If the total sample size you obtain is unrealistic in terms of time, cost, availability, or physical reality, then you need to make changes in your proposed design. Or, you may have some serious soul-searching to do, and may need to rethink your plan of research. Be happy you figured that out now!
Let’s talk about each point in turn. First, you need to figure out the size of the signal that is important to you to detect. This is going to be based on practical or academic considerations. Examples of such considerations could be “Demonstrate a 15 lbs improvement in yield per acre over control”, or “Show a 50% increase in mortality”, or “Show an increase of at least 5 points on the scale due to intervention”. Examples like “Show a positive association of behavior with treatment” are going to require some sort of quantification to move forward.
As mentioned above, determining the amount of variation in the samples can be done in a few ways. One very good way is to mine the available literature for similar studies, then collect estimates of variability from those studies. Another good way is to conduct a pilot study with the express purpose of estimating the variability. Another useful method is to elicit estimates from subject-matter experts. There are some handy tricks for this that statisticians know.
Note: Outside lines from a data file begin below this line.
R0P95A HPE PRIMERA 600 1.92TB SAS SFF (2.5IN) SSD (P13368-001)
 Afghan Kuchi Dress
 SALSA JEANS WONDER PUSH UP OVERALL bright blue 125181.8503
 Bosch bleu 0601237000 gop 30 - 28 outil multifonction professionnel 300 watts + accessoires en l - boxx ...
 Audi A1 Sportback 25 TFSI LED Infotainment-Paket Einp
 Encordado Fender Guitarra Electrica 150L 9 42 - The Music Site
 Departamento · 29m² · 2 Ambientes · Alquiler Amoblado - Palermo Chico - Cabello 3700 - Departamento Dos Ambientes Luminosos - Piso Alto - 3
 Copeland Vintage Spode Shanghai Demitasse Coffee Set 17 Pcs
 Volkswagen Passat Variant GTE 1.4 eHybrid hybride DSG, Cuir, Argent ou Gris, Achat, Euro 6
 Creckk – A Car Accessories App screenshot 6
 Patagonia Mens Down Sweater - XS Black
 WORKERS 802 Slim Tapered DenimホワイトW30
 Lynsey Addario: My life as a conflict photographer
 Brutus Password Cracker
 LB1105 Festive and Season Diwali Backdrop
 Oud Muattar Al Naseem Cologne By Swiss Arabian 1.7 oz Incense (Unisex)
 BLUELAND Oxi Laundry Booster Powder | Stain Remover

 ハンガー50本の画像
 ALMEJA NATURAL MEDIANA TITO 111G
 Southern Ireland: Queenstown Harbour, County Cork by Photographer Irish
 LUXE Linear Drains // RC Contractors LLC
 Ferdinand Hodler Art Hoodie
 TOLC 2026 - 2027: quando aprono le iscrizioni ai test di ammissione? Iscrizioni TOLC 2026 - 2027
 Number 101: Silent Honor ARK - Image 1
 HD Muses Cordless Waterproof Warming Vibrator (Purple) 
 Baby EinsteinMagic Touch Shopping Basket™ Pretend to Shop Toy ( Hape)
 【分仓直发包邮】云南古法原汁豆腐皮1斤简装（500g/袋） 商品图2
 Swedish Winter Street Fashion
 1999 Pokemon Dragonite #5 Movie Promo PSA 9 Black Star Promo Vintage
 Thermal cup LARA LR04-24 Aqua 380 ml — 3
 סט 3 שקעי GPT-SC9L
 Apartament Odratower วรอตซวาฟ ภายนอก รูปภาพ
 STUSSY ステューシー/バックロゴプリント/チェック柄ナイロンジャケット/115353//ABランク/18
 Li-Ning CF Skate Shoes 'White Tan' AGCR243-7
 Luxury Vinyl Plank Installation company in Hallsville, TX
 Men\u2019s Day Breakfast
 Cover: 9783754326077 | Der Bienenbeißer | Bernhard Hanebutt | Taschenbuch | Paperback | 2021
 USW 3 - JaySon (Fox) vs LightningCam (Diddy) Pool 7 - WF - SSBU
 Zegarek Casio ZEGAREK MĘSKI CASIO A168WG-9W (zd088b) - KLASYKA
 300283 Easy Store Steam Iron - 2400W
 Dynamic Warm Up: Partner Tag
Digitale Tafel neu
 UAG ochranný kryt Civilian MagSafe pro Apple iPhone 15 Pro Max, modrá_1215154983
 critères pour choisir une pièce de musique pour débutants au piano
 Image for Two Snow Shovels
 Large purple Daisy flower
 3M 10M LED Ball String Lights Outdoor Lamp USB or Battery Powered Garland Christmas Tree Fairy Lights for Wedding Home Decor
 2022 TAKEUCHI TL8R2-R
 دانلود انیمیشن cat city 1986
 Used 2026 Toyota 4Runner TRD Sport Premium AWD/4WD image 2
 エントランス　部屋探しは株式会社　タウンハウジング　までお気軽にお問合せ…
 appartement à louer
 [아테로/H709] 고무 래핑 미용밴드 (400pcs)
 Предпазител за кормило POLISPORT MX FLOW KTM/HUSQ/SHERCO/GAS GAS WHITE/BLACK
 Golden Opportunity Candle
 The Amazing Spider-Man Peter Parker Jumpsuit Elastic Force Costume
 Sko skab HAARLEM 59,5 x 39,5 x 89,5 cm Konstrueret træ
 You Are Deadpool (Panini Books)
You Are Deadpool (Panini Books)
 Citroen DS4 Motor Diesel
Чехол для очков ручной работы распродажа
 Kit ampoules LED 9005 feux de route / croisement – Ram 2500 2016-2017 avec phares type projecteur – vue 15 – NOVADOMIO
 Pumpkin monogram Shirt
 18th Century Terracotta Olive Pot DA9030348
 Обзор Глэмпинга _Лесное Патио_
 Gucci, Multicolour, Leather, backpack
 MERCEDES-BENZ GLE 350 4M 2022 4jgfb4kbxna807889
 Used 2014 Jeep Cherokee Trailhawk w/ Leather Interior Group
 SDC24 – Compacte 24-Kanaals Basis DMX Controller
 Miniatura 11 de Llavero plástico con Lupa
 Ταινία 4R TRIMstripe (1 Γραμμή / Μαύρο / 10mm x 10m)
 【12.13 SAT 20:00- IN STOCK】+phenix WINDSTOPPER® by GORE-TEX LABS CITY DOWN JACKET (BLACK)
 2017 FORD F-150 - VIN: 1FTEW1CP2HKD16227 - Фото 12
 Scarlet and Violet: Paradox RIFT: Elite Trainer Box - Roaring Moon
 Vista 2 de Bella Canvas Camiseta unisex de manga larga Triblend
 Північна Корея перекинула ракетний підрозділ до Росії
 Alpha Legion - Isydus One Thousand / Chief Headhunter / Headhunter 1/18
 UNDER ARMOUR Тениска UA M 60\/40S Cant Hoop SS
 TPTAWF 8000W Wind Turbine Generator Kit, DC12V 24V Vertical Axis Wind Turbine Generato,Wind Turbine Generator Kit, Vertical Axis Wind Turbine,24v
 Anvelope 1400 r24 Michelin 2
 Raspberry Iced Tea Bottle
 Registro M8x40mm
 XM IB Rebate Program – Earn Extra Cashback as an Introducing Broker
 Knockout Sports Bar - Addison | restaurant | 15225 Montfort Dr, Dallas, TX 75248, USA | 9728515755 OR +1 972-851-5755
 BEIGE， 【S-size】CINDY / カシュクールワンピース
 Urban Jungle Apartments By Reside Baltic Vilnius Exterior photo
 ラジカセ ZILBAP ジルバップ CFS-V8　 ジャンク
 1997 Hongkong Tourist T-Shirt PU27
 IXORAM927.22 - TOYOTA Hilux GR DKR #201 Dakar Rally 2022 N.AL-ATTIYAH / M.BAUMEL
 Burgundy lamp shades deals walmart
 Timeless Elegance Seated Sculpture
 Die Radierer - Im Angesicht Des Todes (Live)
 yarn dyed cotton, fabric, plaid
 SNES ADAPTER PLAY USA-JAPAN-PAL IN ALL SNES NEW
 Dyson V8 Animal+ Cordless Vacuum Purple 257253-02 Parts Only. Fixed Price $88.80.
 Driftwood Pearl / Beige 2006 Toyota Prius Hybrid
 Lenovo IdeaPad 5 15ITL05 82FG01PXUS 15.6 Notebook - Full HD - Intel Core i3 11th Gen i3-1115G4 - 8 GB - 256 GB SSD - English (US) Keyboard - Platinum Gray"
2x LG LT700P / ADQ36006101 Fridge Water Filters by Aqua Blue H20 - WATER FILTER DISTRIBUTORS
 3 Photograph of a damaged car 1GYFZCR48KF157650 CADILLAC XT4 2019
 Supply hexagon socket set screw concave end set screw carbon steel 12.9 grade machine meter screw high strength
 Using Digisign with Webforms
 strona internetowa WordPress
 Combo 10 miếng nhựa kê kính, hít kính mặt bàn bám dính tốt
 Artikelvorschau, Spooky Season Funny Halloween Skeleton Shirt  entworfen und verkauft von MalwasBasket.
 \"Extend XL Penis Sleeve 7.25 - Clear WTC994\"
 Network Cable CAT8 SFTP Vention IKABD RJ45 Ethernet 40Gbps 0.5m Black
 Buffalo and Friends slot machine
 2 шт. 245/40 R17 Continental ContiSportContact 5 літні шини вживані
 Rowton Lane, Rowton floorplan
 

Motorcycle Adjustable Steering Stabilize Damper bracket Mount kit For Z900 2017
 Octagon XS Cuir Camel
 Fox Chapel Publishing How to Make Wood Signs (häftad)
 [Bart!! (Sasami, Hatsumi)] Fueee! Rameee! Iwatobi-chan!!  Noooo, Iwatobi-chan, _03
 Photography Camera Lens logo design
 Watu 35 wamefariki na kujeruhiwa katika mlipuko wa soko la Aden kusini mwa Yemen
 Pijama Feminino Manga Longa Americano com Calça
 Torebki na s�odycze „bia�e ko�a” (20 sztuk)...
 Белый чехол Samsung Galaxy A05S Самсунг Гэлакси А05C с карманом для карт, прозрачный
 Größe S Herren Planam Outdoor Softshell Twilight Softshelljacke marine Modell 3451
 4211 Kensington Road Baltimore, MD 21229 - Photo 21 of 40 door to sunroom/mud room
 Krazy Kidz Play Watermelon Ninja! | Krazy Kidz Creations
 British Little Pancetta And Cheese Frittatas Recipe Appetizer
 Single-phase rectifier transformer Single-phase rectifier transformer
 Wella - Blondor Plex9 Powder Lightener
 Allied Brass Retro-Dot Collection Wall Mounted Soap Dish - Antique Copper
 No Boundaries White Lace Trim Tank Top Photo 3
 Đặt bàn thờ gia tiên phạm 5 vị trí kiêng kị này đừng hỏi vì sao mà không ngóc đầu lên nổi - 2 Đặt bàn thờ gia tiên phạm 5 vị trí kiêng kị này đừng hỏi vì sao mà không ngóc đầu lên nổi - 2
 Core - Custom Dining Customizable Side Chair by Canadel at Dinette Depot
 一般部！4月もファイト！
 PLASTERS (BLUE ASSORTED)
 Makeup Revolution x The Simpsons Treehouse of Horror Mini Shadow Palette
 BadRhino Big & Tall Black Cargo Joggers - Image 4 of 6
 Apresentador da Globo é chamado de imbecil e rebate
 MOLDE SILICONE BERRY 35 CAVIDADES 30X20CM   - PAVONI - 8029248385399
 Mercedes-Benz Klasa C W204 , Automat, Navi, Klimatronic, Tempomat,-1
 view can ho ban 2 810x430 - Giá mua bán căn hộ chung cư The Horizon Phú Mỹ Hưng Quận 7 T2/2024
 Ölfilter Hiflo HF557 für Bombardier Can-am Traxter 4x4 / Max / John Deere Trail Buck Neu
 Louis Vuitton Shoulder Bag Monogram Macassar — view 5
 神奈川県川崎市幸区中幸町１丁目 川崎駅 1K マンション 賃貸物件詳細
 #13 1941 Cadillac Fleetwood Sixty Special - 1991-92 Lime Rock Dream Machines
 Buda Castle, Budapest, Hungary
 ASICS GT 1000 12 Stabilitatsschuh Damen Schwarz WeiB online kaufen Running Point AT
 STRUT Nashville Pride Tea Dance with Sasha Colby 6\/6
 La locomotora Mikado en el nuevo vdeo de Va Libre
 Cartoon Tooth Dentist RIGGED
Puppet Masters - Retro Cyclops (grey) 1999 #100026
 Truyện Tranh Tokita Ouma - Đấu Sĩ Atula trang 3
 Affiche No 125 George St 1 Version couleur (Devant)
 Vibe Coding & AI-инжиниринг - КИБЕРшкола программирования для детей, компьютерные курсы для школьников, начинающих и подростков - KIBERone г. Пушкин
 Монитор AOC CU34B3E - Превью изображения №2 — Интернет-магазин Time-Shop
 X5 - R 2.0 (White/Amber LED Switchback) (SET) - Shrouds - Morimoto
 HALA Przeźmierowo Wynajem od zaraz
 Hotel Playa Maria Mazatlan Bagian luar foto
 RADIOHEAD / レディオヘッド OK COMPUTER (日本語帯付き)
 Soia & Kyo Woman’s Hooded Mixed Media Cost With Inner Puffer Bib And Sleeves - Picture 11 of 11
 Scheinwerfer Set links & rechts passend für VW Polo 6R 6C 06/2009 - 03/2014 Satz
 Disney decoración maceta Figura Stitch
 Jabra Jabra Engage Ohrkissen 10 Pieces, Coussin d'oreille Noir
The false positive rate is nearly always going to be set at the 5% level. (That is, the Type I error rate, or α, is going to be 0.05.) You could set it lower, but trying to set it higher is going to most likely just cause you problems.
Most people never consider the so-called “power” of their study. The power in simple language is
The probability that my study will actually give me a statistically significant result if there really is something there to see.
In other words, if what you think is happening really is happening, how likely is your study to actually show it?
Now you can see why setting the power to 90% might be a good idea! If there is really something to see in the study, don’t you want the study to have a good chance of seeing it?